Dealing with constant harassment
Nilab’s customers are mostly women and girls. She feels this has attracted more attention from the Taliban’s morality police.
“This spring, the vice and virtue police entered our shop several times without permission and suddenly began harassing and troubling us,” she says.
“They tell us that we must wear a veil in our workplace because our unveiled presence ‘influences’ the customers. But in our workplace, only women are present. The only men who come here are vice and virtue police.”
Nilab says the situation seems to be getting worse every day with the market slowing and harassment rising. With other women working less and less, there are fewer customers for her business as they lose their purchasing power.
Nilab says these days she barely earns seven to eight thousand afghanis (US$100) per month.
Online business also targeted
In the north-eastern province of Badakhshan, Somaiya felt the Taliban authorities were also targeting her women-led business despite operating online.
The 24-year-old was hosting a work meeting at her home when Taliban forces arrived to detain her on September 11 last year.
Herself and some colleagues – male and female – were sharing ideas about improving the business when the Taliban arrived.
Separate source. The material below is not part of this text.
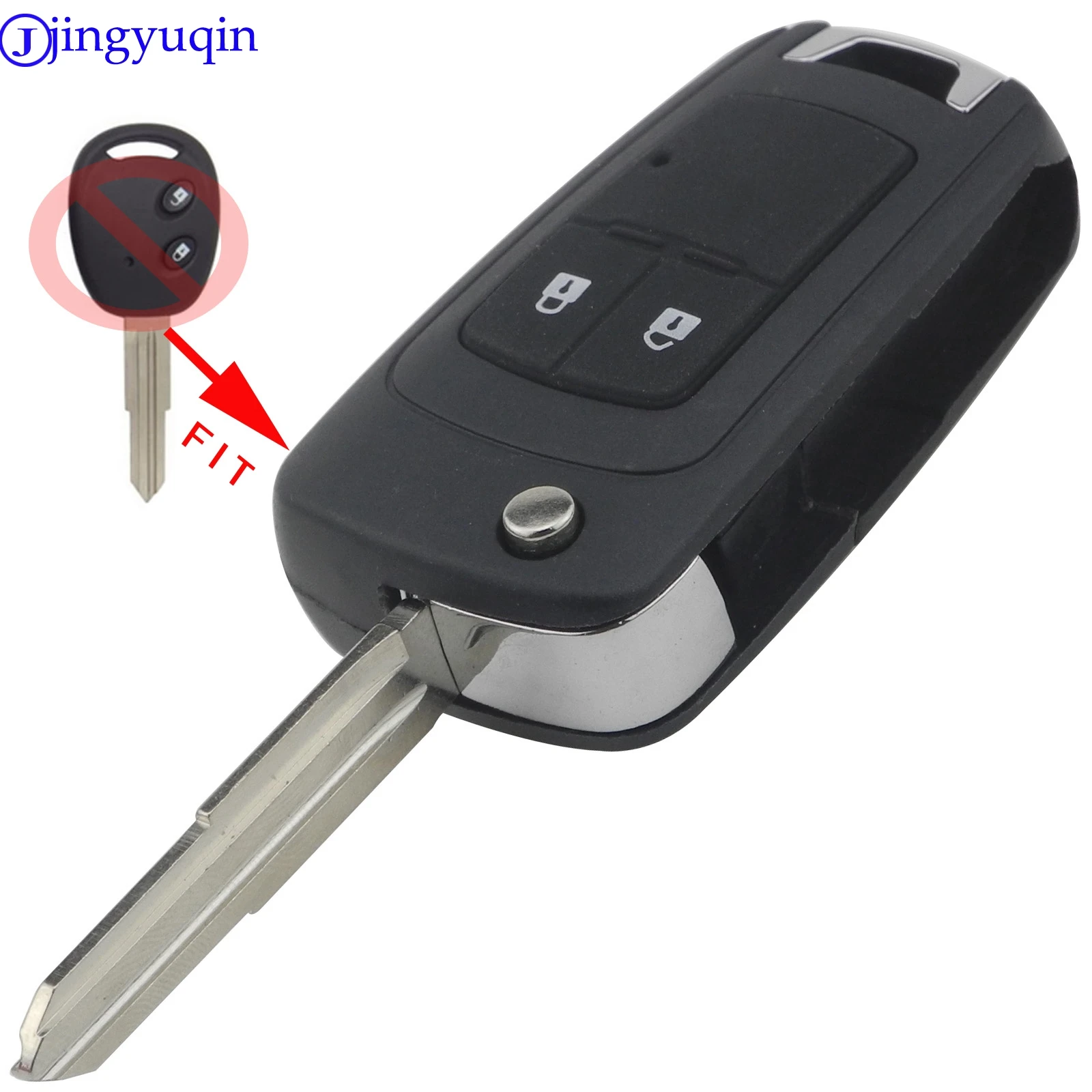 2 кнопки модифицированный Флип складной Автомобильный ключ оболочки чехол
They were taken to the police station for questioning.
Somiaya was released without further detention, but she was ordered to not continue her online business. She heeded the warning and shut it down.
As the breadwinner for her parents’ family of eight, she couldn’t afford not to have an income. Her father is a retired officer. Somiaya says he hasn’t received his pension since the Taliban seized power. So she opened a women’s clothing store in Badakhshan’s capital city Faizabad. But before long, she closed this too.
“Several morality police came to my shop saying, ‘You are promoting improper hijab here and you do not observe the hijab. We will close your shop’,” she said.
After the last visit in March when the Taliban vice and virtue officials visited again saying they would shut her down, she’d had enough.
“The vice and virtue officials were coming every day, causing trouble, and insulting and belittling me, saying that I promote indecency and improper hijab,” she said.
Somaiya has decided to return to running an online business to avoid the relentless visits from Taliban officials.
With her mother as a co-founder, they started an online food business preparing food and delivering it to customers’ homes. She does not want to reveal details about it for fear of the Taliban shutting it down or threatening her again.
Theory versus practice
The Taliban have introduced sweeping restrictions on the lives of women and girls in Afghanistan, including banning education for girls above grade six, banning recreational and professional sport, and banning travel without a male chaperone.
Shopkeeping and small business is one of the few sectors where the Taliban have not explicitly curtailed women’s involvement for the most part. However, in practice, its forces and morality police have created enormous challenges.
In a report published last month, the United Nations said that female entrepreneurs in Afghanistan say the restrictions on their lives affect their business.
It said over 70 percent of female entrepreneurs and traders interviewed said they cannot travel to markets without a male chaperone.
The report also found women’s employment rate in the country has halved, further making businesses run by women difficult for them to earn money from their target customers.
Local Taliban authorities refute the claim they don’t support women’s business, pointing to the existence of women in business.
“About 17 to 18 women in Badakhshan have official commercial establishments and are engaged in various sectors, and about 100 others are informally working and active. Some of these women are being supported by international aid organizations,” an official at the Taliban’s Department of Industry and Commerce in Badakhshan told Rukhshana Media.
They requested not to be named in the story.
Note*: Names are changed due to security reasons.